▶ _Information supplied_:

- Opening Delimiter -

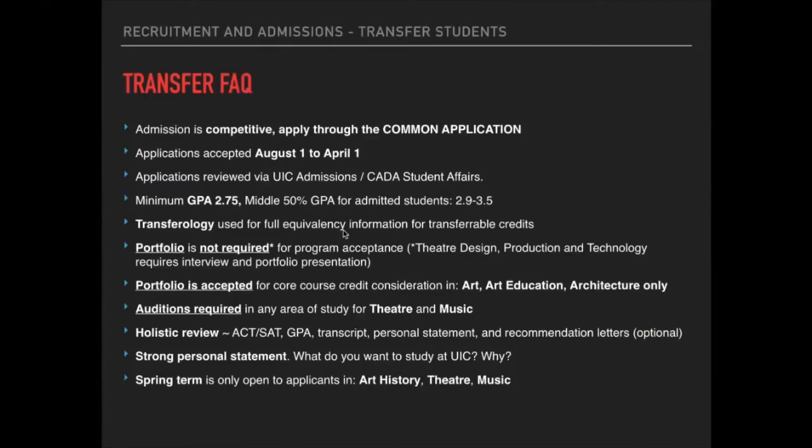Students can find more information about the Theater Design portfolio on the theater and music website. We do look at portfolios for students interested in advanced placement in Art, Art Education, or Architecture — that is the only time portfolios are reviewed. Students do not need to submit a portfolio for admission into any of our programs. There is an audition required for any area in Theater or Music, and that audition is required for admission into those programs.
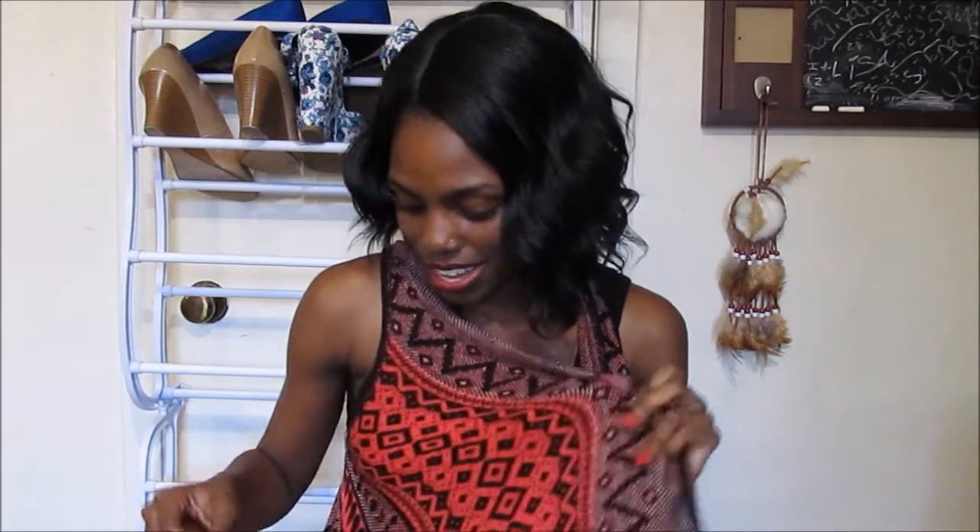Oh, and I forgot — I also got this one on Partigan and this was from Burke's Outlet. This was two dollars.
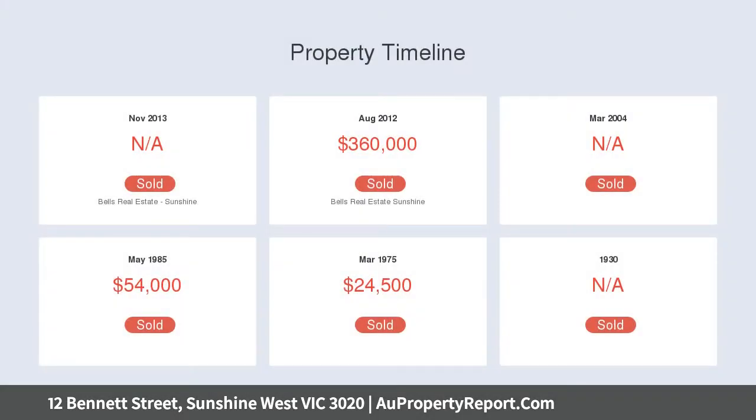Approved planning permit includes town planning drawings, engineering drawings, working drawings, landscaping plan, crossover permit.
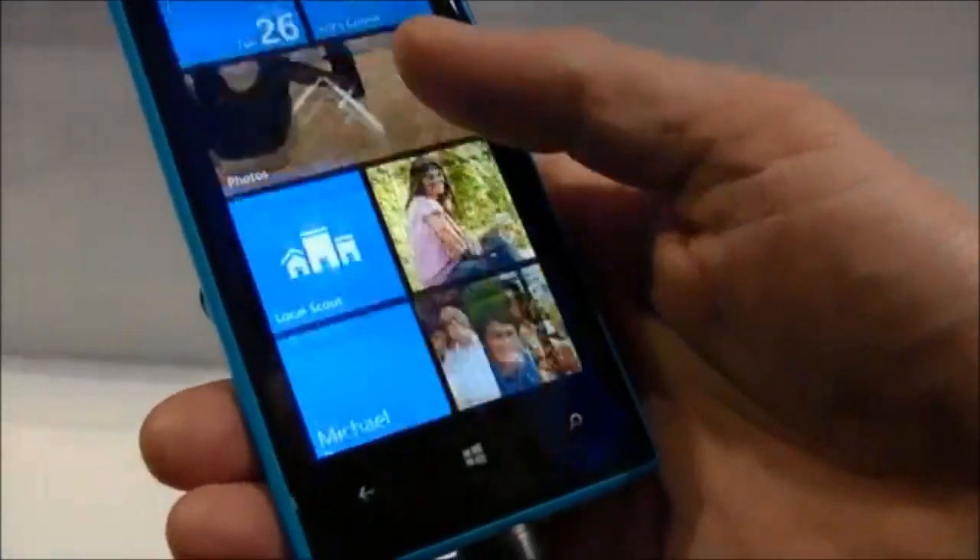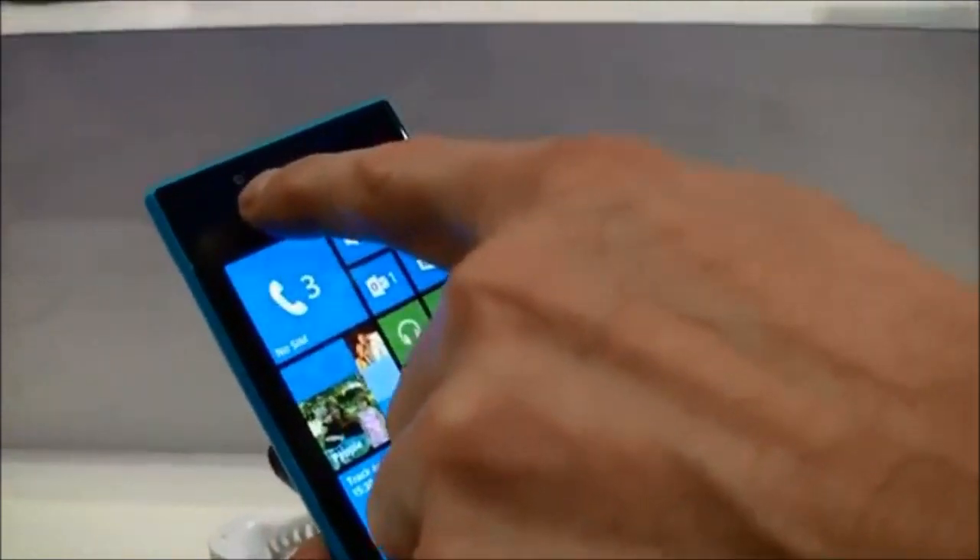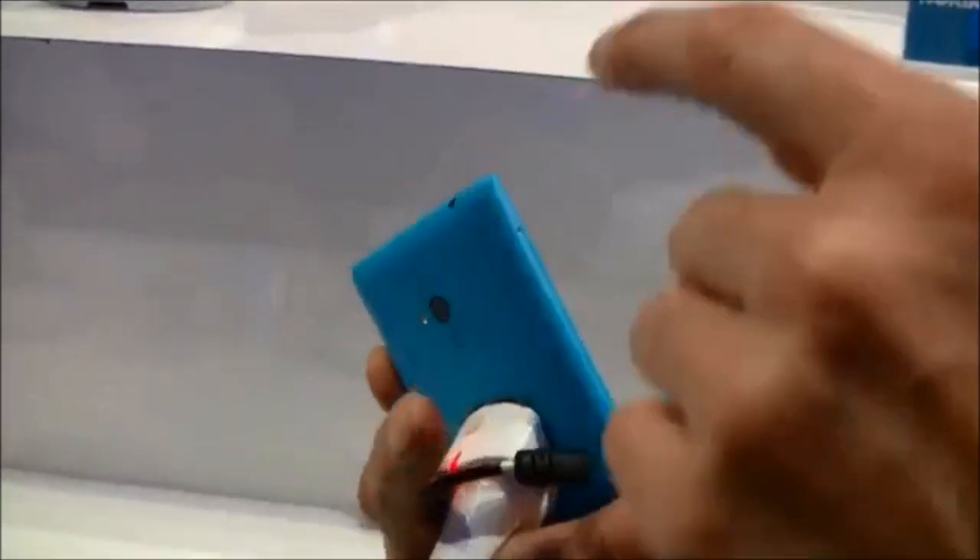This Windows 8 phone looks sleek and familiar, more akin to Nokia's high-end Lumia 920 than the upper mid-range 820 series.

- Closing Delimiter -

▶ _How to complete this task_: Reproduce the data above word for word from its first line through the line that holds "Oh, and I forgot", both ends included; skip pictures.

▶ _Response to this exercise_:
Students can find more information about the Theater Design portfolio on the theater and music website. We do look at portfolios for students interested in advanced placement in Art, Art Education, or Architecture — that is the only time portfolios are reviewed. Students do not need to submit a portfolio for admission into any of our programs. There is an audition required for any area in Theater or Music, and that audition is required for admission into those programs.
Oh, and I forgot — I also got this one on Partigan and this was from Burke's Outlet. This was two dollars.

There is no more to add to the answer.